#### SUPPLIED RECORDS
--------
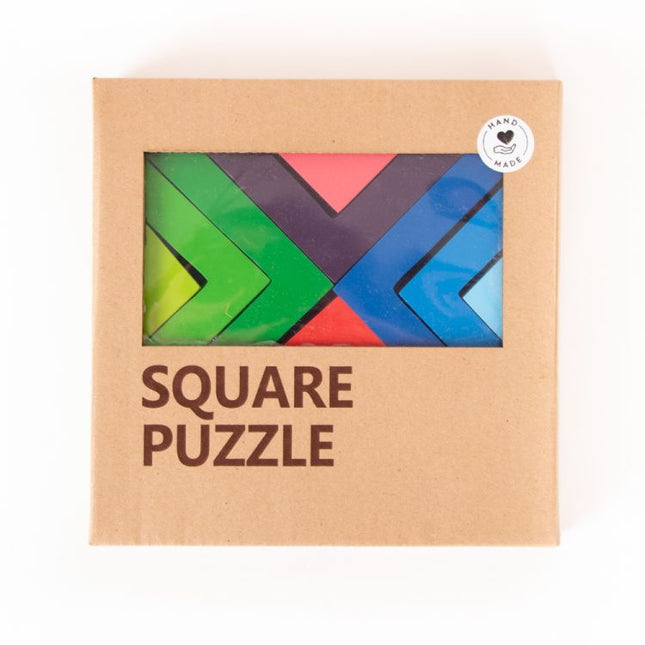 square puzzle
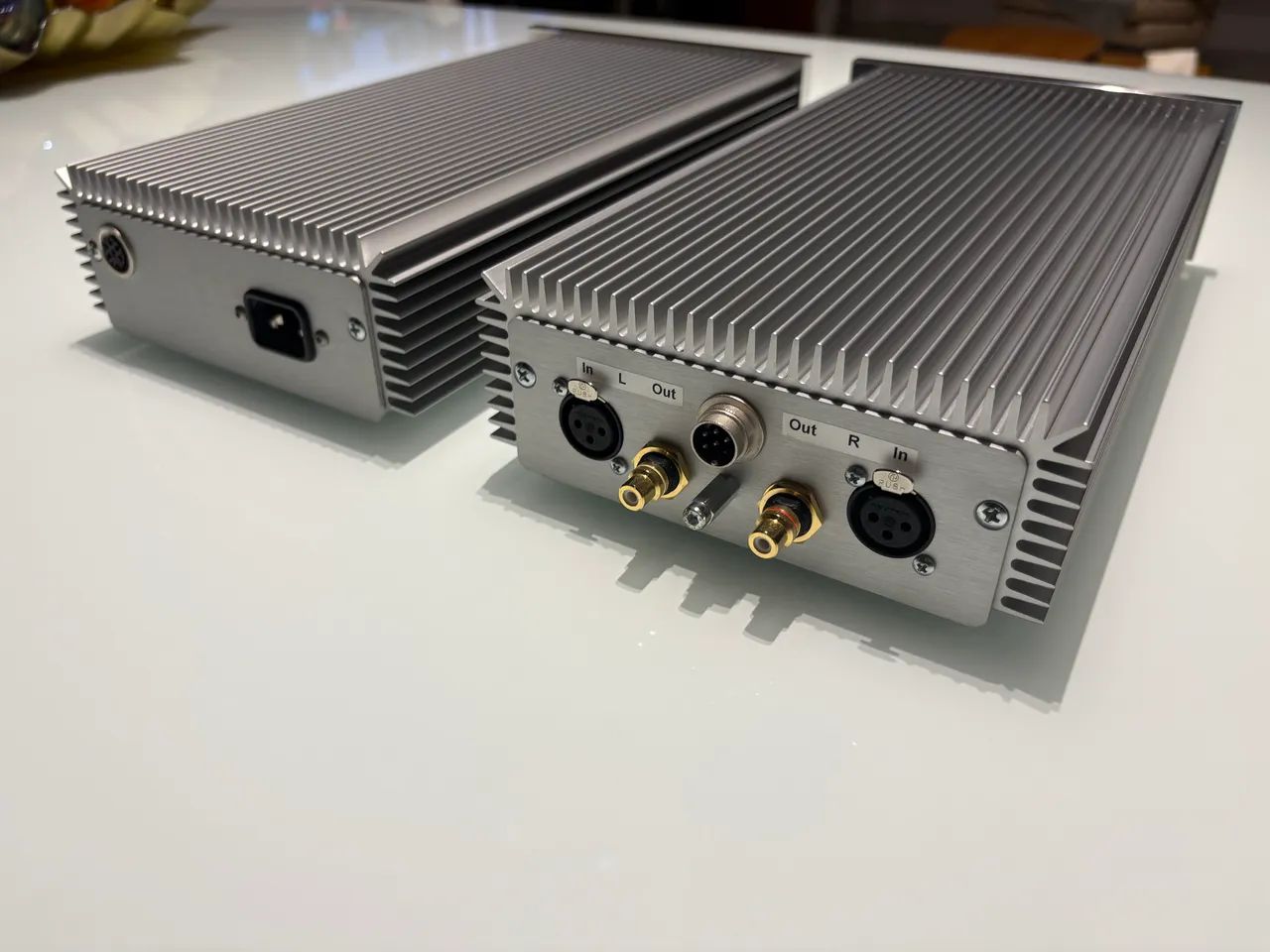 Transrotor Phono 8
--------
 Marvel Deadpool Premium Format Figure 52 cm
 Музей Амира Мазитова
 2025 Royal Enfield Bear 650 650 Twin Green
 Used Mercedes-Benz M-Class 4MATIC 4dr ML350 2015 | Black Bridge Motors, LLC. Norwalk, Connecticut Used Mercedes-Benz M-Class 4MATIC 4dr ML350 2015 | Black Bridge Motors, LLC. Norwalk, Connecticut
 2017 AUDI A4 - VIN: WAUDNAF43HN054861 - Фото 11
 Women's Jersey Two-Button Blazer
--------
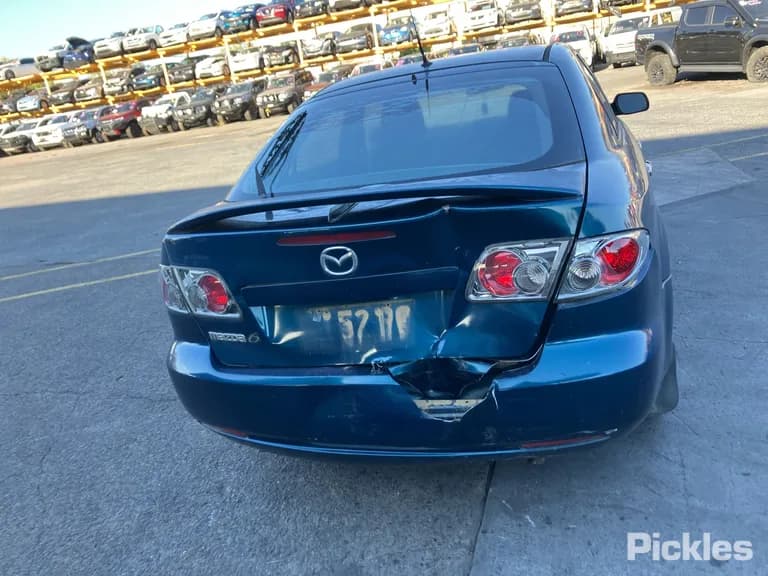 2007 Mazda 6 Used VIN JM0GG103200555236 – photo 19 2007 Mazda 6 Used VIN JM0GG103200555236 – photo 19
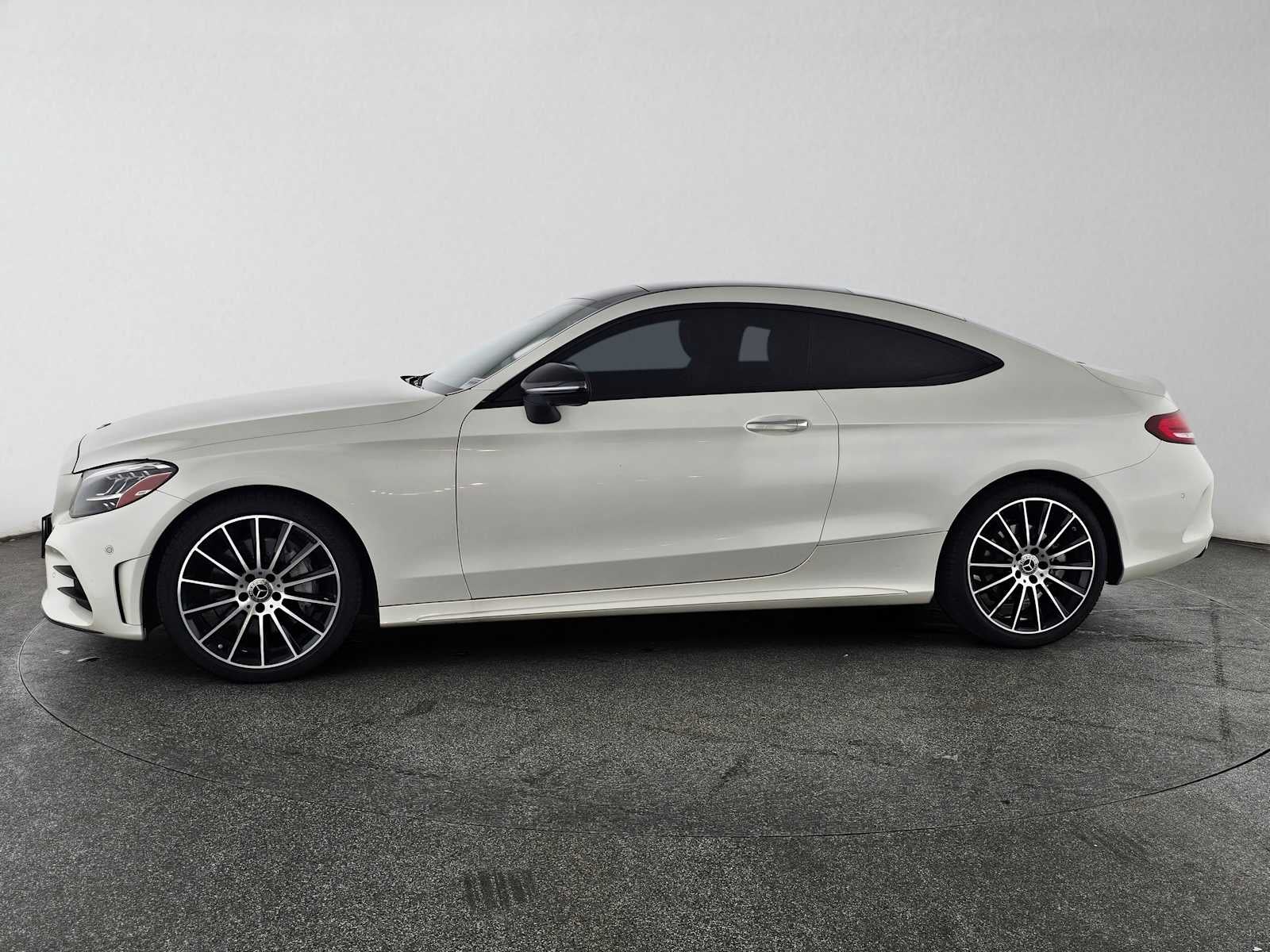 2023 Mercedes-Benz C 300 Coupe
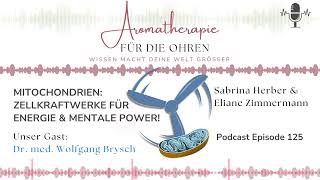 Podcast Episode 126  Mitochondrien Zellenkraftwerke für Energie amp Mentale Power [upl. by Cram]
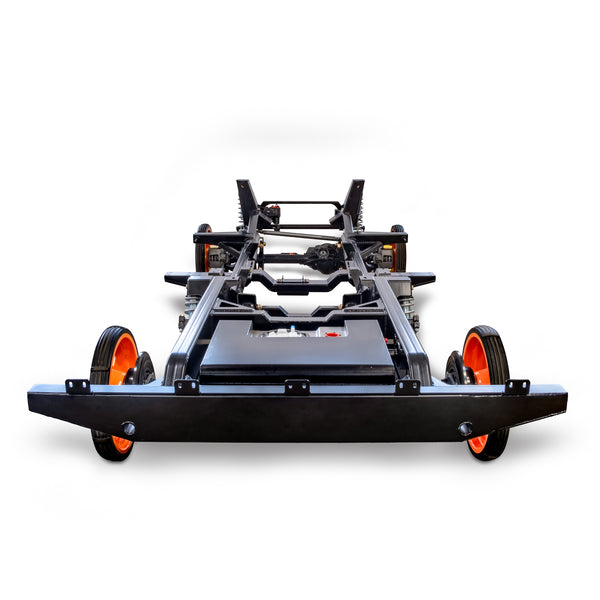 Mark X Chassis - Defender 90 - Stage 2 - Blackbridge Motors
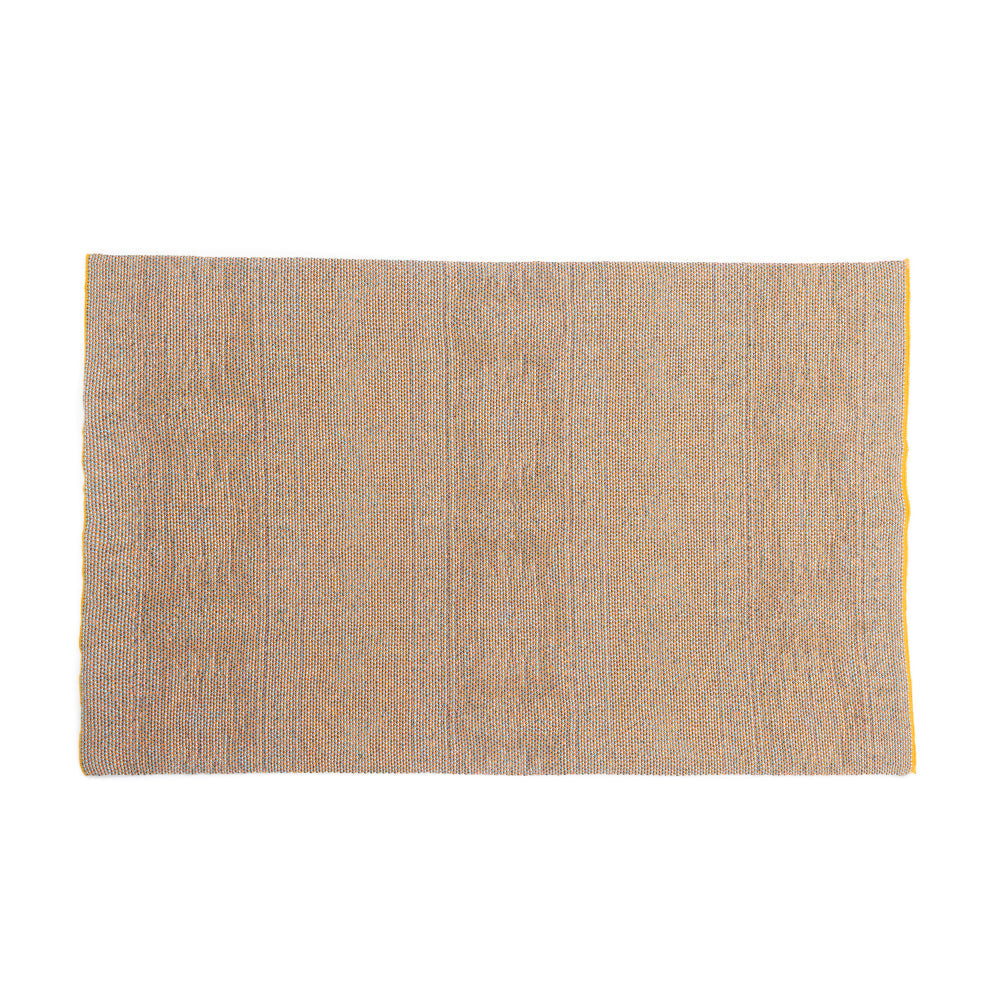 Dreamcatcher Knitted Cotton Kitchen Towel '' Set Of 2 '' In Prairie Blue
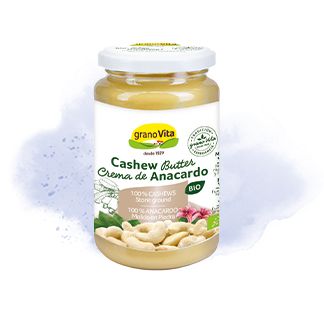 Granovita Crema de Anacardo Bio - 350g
--------
#### THE PROBLEM
Reproduce only the lines above spanning from the line containing "2017 AUDI A4" through the line containing "Women's Jersey Two-Button Blazer", word for word.

#### EXPECTED ANSWER
 2017 AUDI A4 - VIN: WAUDNAF43HN054861 - Фото 11
 Women's Jersey Two-Button Blazer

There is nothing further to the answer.